WHAT IS REQUIRED:
The task for the listing below is to write out exactly the lines starting at the one containing "600KW上柴股份靜音柴油發電機組 出口非洲尼日利亞，裝車發貨" and ending at the one containing "Miss Me Mid-Rise", both included. Pictures are to be omitted.

SOURCE MATERIAL:
====================
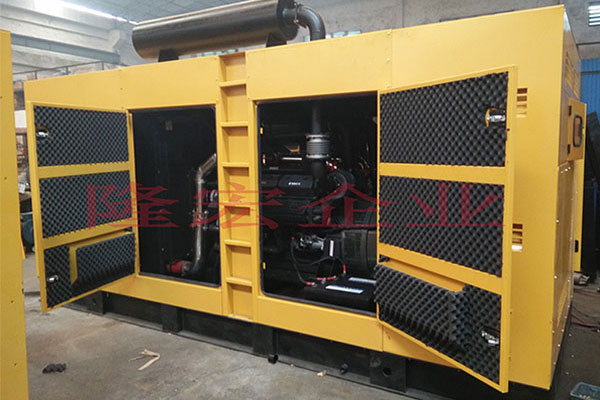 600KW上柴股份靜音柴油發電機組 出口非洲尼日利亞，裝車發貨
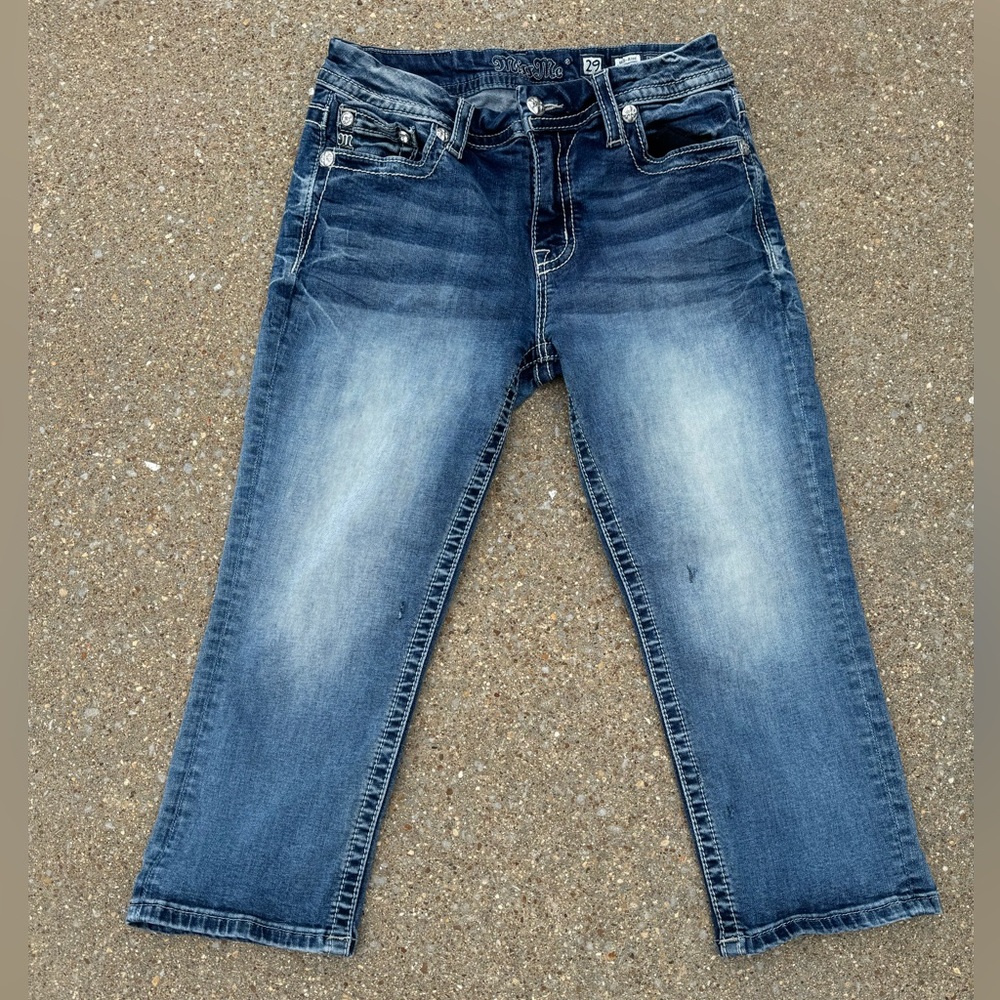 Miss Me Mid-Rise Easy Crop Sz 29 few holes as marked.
====================
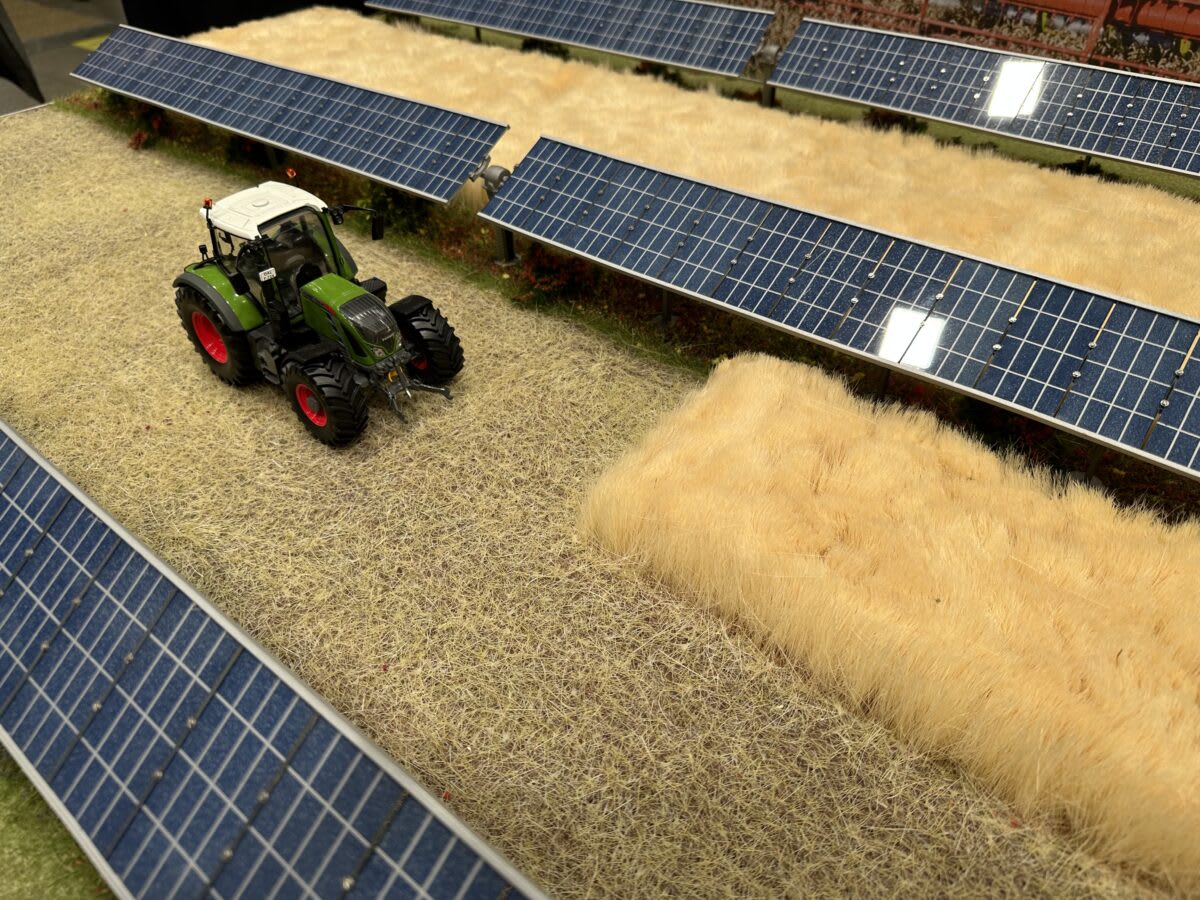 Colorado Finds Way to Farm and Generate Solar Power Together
====================
THE ANSWER:
 600KW上柴股份靜音柴油發電機組 出口非洲尼日利亞，裝車發貨
 Miss Me Mid-Rise Easy Crop Sz 29 few holes as marked.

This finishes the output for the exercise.